1. Mathematicians in general are fond of groups. There is a general theme in mathematics (with different motivations in different contexts) of developing a theory of group objects in any category of interest. For example, algebraic groups are group objects in the category of algebraic varieties, Lie groups are group objects in the category of differentiable manifolds, topological groups are group objects in the category of topological spaces, etc. Model theorists study the category of definable sets relative to a first-order theory, and group objects in this category are definable groups. [Aside: I'm confused by your comment "model theory is not mainly about definable things in my opinion". If it's not about definable things, what is it about?] Moreover, it sometimes happens that definable groups relative to a theory $$T$$ correspond to groups of classical interest in mathematics, e.g. as you mention in the question, definable groups relative to the theory of algebraically closed fields are essentially the same as algebraic groups.
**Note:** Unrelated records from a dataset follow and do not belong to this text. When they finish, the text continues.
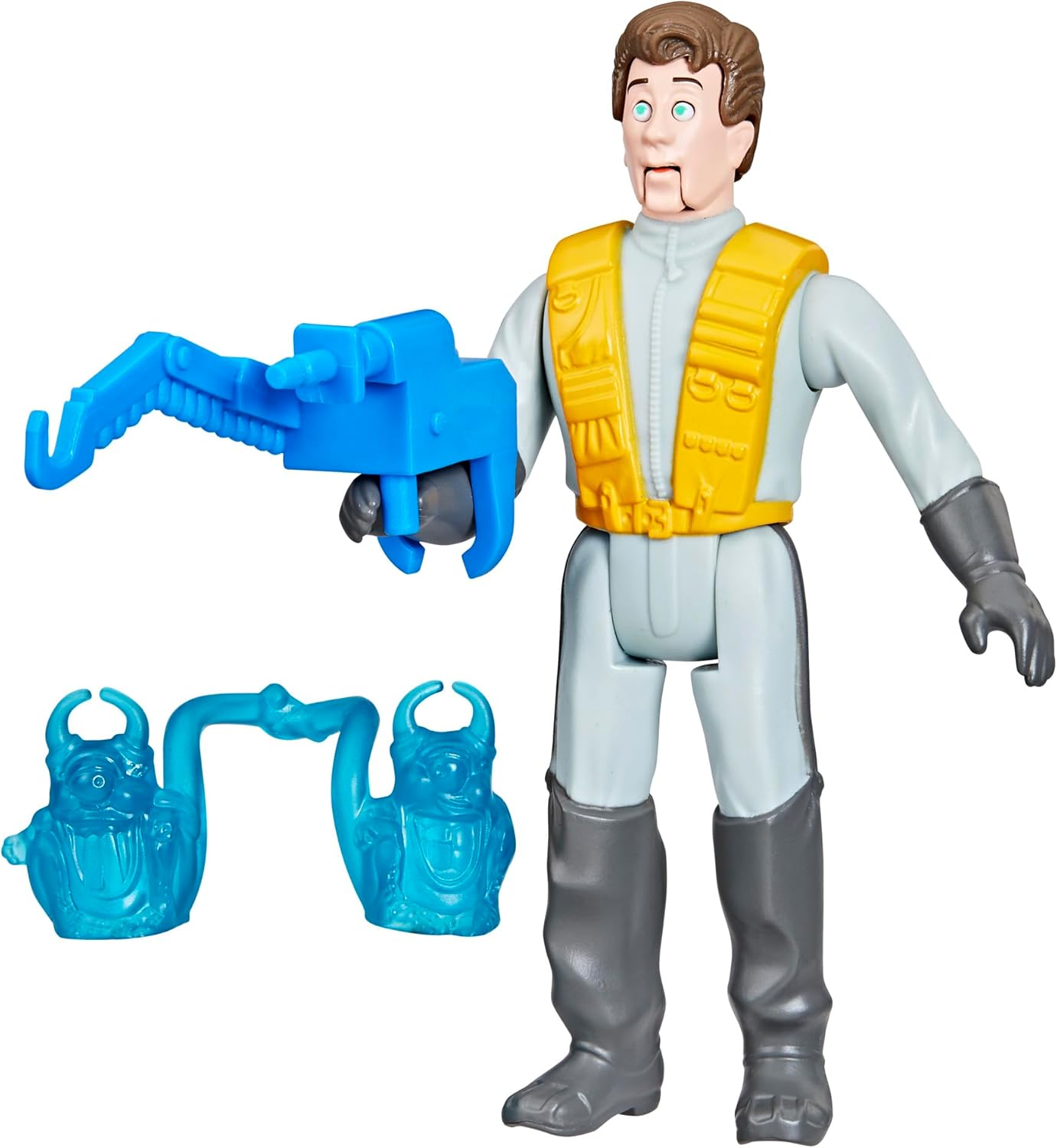 The Real Ghostbusters Fright Features: Peter Venkman & Gruesome Twosome Ghost 5" Figure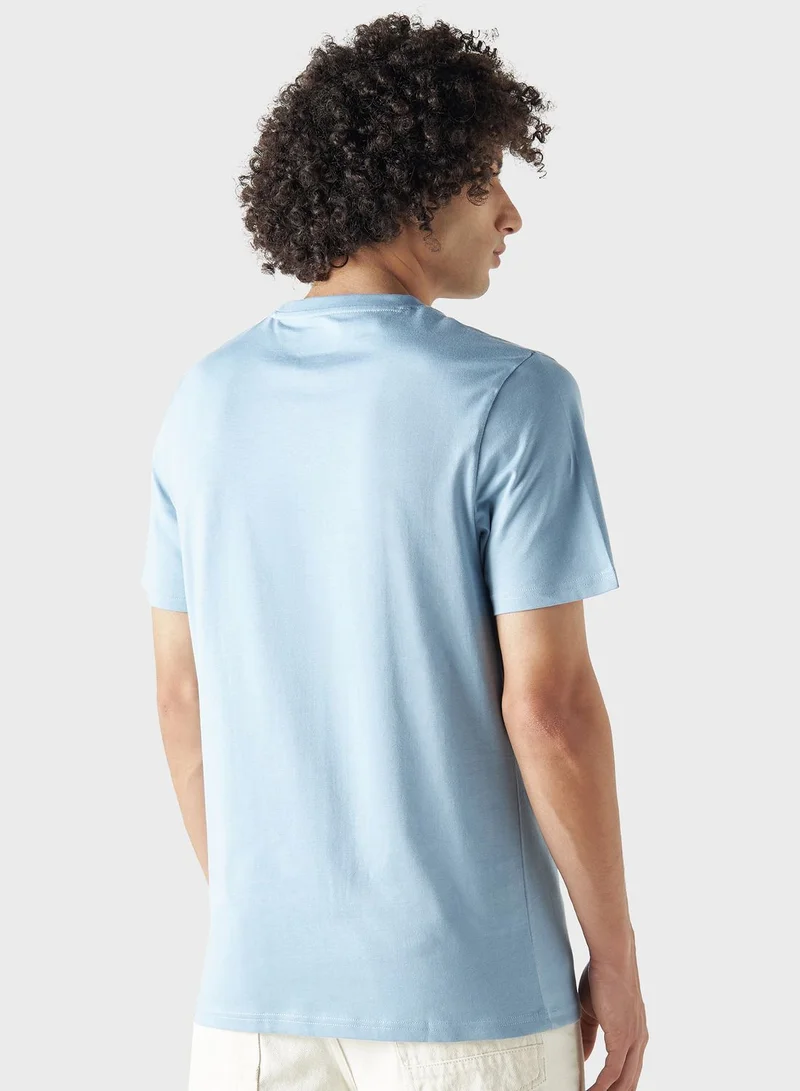 Lee Cooper Crew Neck T-Shirt
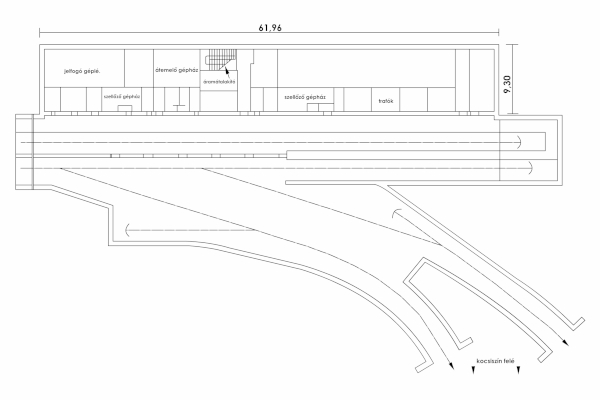 Budapest, M1 metró, Mexikói út, kihúzó, bélyegkép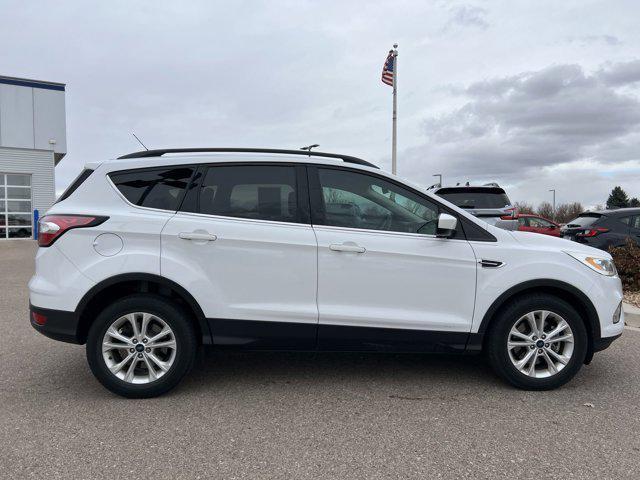 used 2017 Ford Escape car, priced at $12,431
2. Stable groups and their generalizations. One of the most successful applications of Shelah's general stability theory has been the theory of stable groups (i.e. groups definable in stable theories). Model theorists love to generalize results, so there's a natural motivation to try to prove theorems analogous to theorems about stable groups in a wide variety of more general model theoretic contexts, or in individual (unstable) theories of interest. Extra motivation comes from the fact that the theory of stable groups, together with the kinds of connections between definable groups and groups in algebraic geometry mentioned in the previous point, led to Hrushovski's impressive applications of model theory to Mordell-Lang and related problems. This is just one example of applications of the theory of definable groups to other areas of mathematics. For others, you could look at Hrushovski's work on approximate groups, or recent applications to regularity lemmas in groups - both of these make heavy use of theorems about definable groups outside the stable context which were inspired by theorems about stable groups.

3. Binding groups and internality. Getting more technical here, internality is a key concept in geometric stability theory. Roughly speaking, if one (type-)definable set $$X$$ is internal to another (type-)definable set $$Y$$, then the automorphism group of $$X$$ over $$Y$$ in the monster model is realizable as a definable group, called the binding group. The classic example is that an $$n$$-dimensional vector space $$V$$ over $$k$$ is internal to the field $$k$$, with binding group $$\text{GL}_n(k)$$. If you can understand what kinds of groups are definable in your theory, then you can understand what kinds of internality relations are possible relative to your theory, which can lead to powerful structural results.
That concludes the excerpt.